Exactement c est obligatoire


----------



## MeliMelo (31 Décembre 2022)

Oui c'est obligatoire, ils vous demandent aussi un scan de votre agrément, attention pour moi le format pdf ne fonctionnait pas et ça bloquait mon inscription à chaque fois. Je l'ai envoyé en jpeg et nickel.


----------



## isa19 (31 Décembre 2022)

bonjour,
 je suis depuis longtemps  inscrite sur ce site et jamais ils ne m'ont demandé mon agrément.


----------



## angèle1982 (31 Décembre 2022)

Tout à fait Isa je n'ai jamais pu y rentrer dans ce fichu site et personne ne m'a jamais rien demandé ???


----------



## Sandrine2572 (31 Décembre 2022)

Moi il me l on demander et quand j ai eu mon renouvellement en septembre j ai du fournir ma nouvelle attestation


----------



## stephy2 (31 Décembre 2022)

Bonjour, 
Moi aussi j ai jamais fourni mon agrément!

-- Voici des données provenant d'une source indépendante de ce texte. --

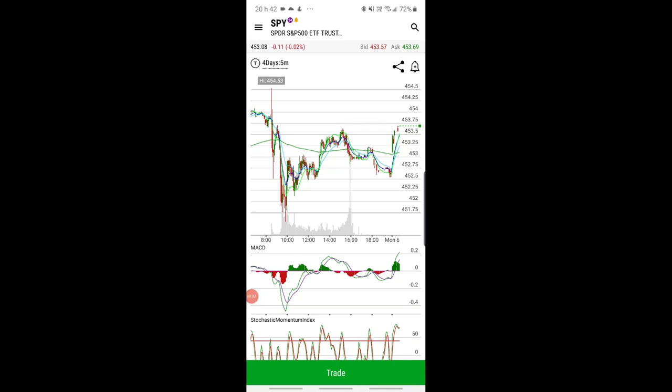Welcome back. This is about how to find volume on a specific strike. Many of you use flow algo and other option alert services, volume services, and scanners, but knowing who else is in that play is often a good thing.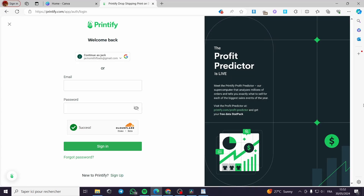How to use Printify AI image generator. Hello guys and welcome to this new tutorial. Today I'm going to show you how you can use the Printify integrated AI image generator. It is very easy.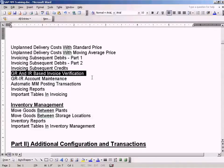What is this for? All the while we've been doing a GR based invoice verification.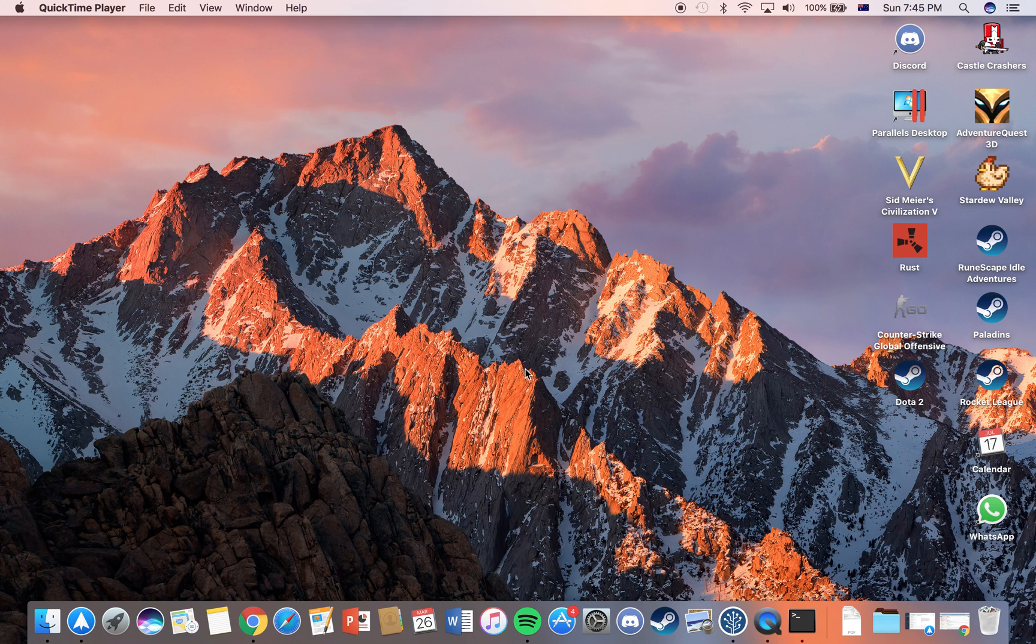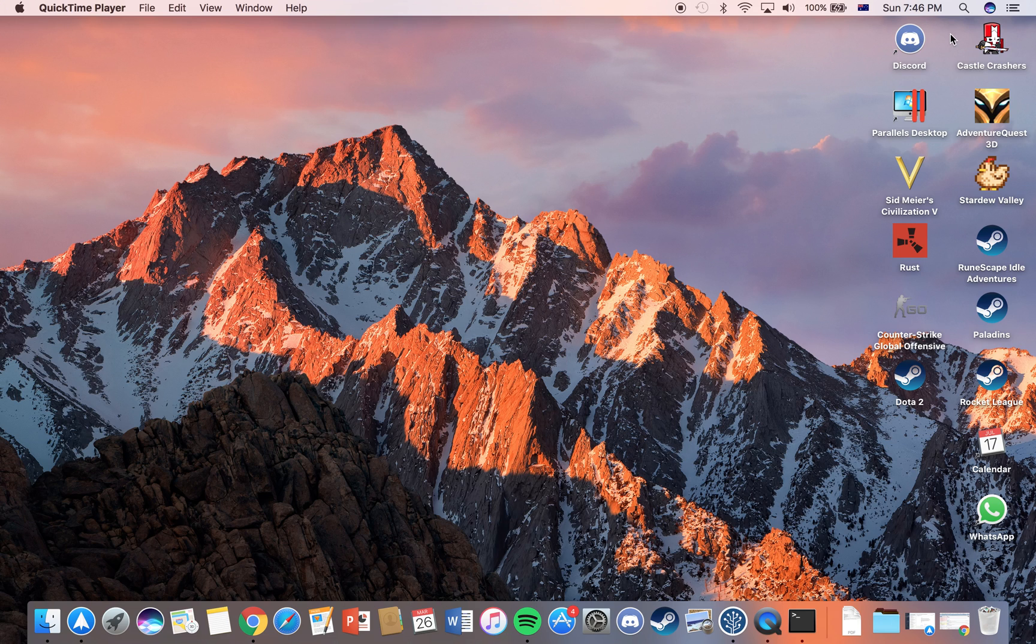Hey, this is King of Tech here back with a super quick video on how to show hidden files and folders on Mac OS Sierra.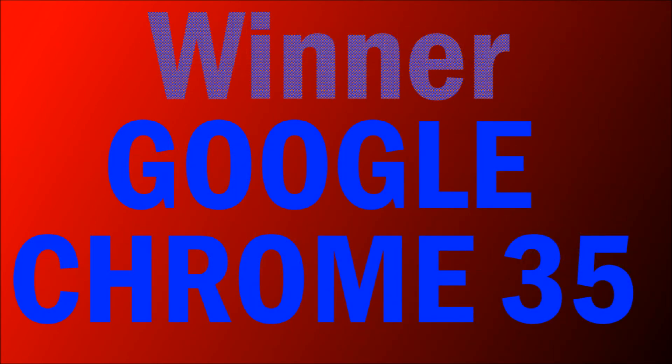They're both really good browsers. You're not going to be able to tell a difference with the speed unless they're side by side. But at the end of the day, really specifically, Google Chrome 35 is the browser that is, by a very small margin, just a little bit faster.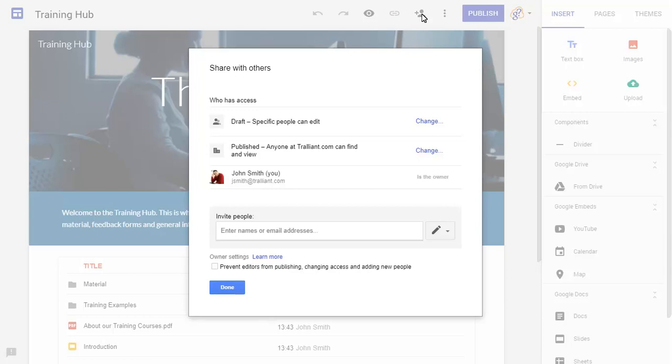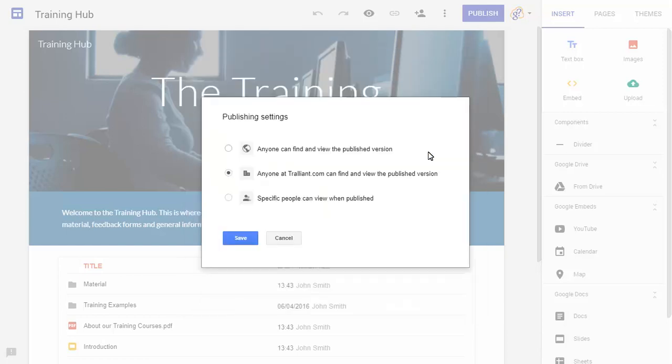You can choose different people to edit and view the site. We'll click on the Change link next to Published to set who can view the site, which will be specific people only.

Peut-être quand on a un renouvellement. A voir..


----------



## Sandrine2572 (31 Décembre 2022)

Même a l inscription il me l on demander


----------



## Nounousand02 (31 Décembre 2022)

Oui sur le cerfa j'ai pas cocher la case: voulez vous être inscrit sur monenfant.fr.
Et quand j'ai reçu ma feuille d agrément un courrier m'a redemander si je voulais être inscrite sur ce site pour avoir plus de demande .


----------



## miette (31 Décembre 2022)

J ai dû transmettre une copie de mon agrément quand je me suis inscrite sur mon enfant.fr et recommencer au moment de mon renouvellement.


----------



## Pioupiou (31 Décembre 2022)

Bonjour,
Voici un élément de réponse faites par le site monenfznt.fr.
*Pourquoi ne puis-je pas retourner sur le site pour mettre à jour mes données alors que je me suis inscrite et que j’ai téléchargé mon agrément ?*
Les informations de l’agrément sont systématiquement vérifiées par les modérateurs du site. Tant qu’ils n’ont pas validé ces informations, l’inscription n’est pas effective et la mise à jour du profil n’est pas possible.
Il semble impossible de se mettre à jour si il n'y a pas d'agrément renseigné, du moins de depuis la dernière version en cours.


----------



## Pioupiou (31 Décembre 2022)

Il faut  lire le CGU de Monenfant.fr tout y est expliqué. 
Notamment qu'une inscription n'est pas possible sans fourniture d'une copie de l'agrément. 
Qu'aucune modification sans que celui-ci est été vérifié et validé. 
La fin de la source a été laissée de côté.